Frontend Shell: Hub Dashboard, Releases & Annotations
The first frontend phase (feat: add Ares tab frontend) established the hub dashboard, releases list, and annotations views. This is the scaffolding everything else hangs off — a consistent navigation frame and data-loading pattern that the subsequent phase components slot into cleanly.
Phase 2 — Quality Intelligence
Phase 2 (feat(ares): implement Phase 2 Quality Intelligence) delivers the analytical meat that Ares users expect: DQ history trending, unmapped source codes exploration, and domain continuity checks. These views surface the data quality signals that are otherwise buried in raw Ares JSON exports, making them actionable directly inside Parthenon rather than requiring a separate Ares UI instance.

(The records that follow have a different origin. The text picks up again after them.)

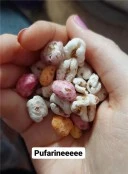 În căutare de prieteni noi - imagine 1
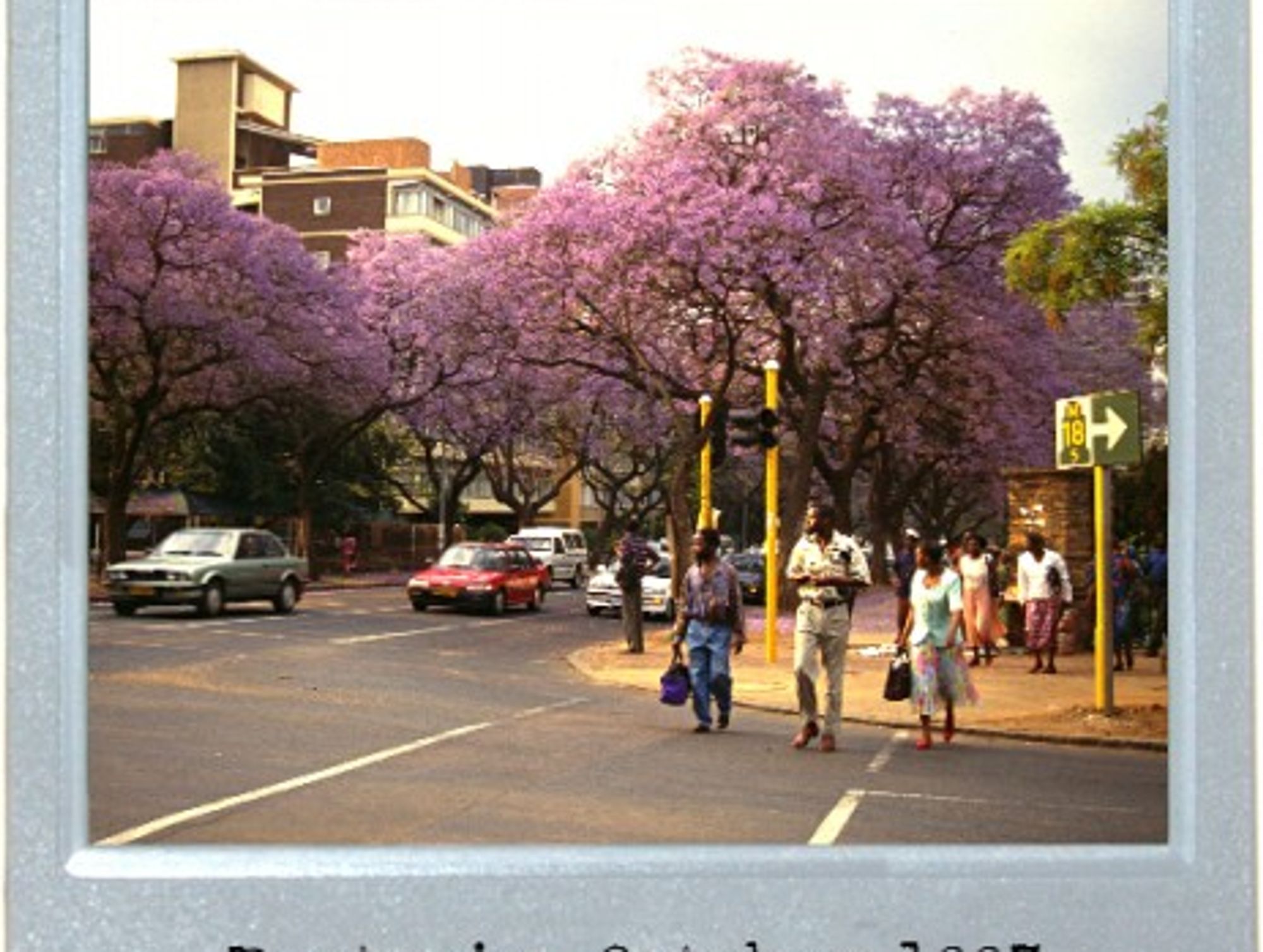 The Jacaranda City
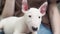 a mini bull terrier puppy in the arms of a woman in jeans.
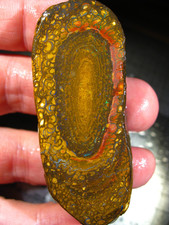 296 cts Australien Roh Koroit Matrix Opal Boulder Rough Sammler Schleifer VIDEO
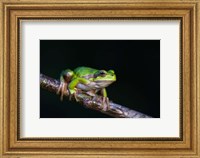 Framed Tree Frog in Lake Neusiedl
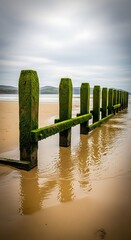 Mossy Wooden Posts on a Sandy Beach at Low Tide.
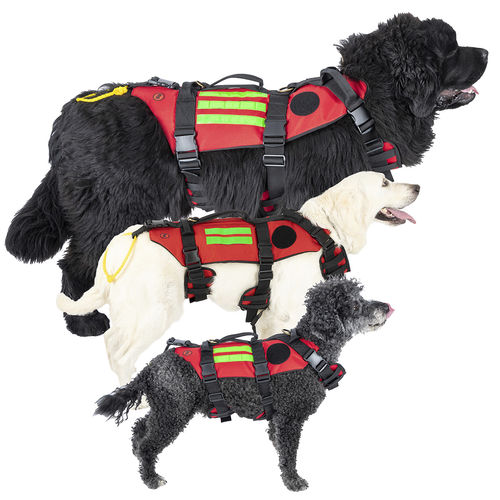 Tragegurt für Veterinärmedizin - EB03.003  - ELITE BAGS - für Hunde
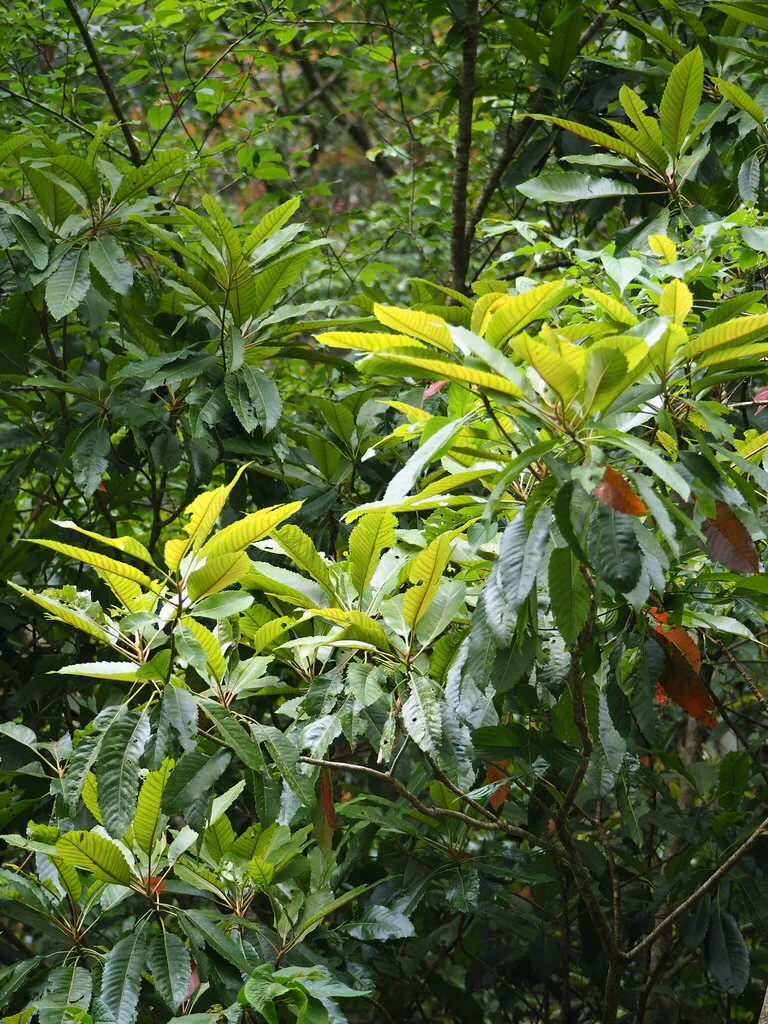 Eriobotrya Deflexa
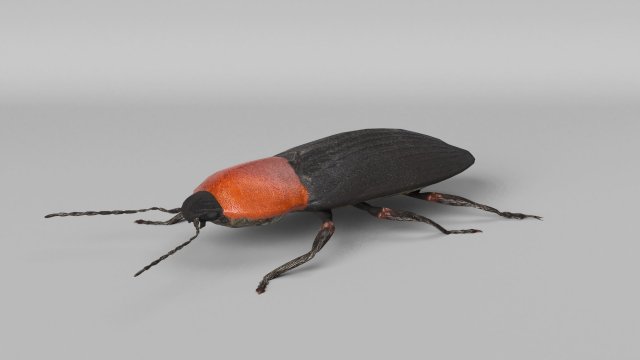 3d cardiophorus gramineus beetle 3D Model .c4d .max .obj .3ds .fbx .stl .blend 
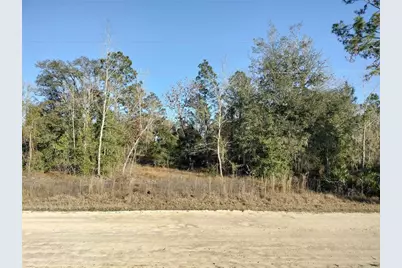 Se 136th Avenue, Morriston, FL 32668 - Photo 2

Phase 3 — Network Intelligence
Phase 3 (feat(ares): implement Phase 3 Network Intelligence) adds the collaborative research layer: site comparison, population coverage metrics, demographic diversity analysis, and feasibility assessment. This is particularly valuable for multi-site OHDSI network studies where understanding which sites have sufficient data for a given research question is half the battle.
Phase 4 — Cost Analysis
Phase 4 (feat(ares): implement Phase 4 Cost Analysis) rounds out the milestone with CostService, dedicated cost endpoints, and CostView. The hub skeletons are in place for further expansion. Healthcare cost data is notoriously messy in CDM mappings, so having a dedicated analysis surface for it — rather than treating it as just another domain — reflects how researchers actually use it.
CI Cleanup
The Ares build also came with a round of CI fixes: a recharts Tooltip formatter cast to any for strict TypeScript compatibility, PHPStan and TypeScript error resolution across Ares components, and a Pint auto-fix pass that also removed a stale AchillesRunSummary import and corrected react-joyride export references. These aren't glamorous commits, but a green CI pipeline is what lets us ship confidently.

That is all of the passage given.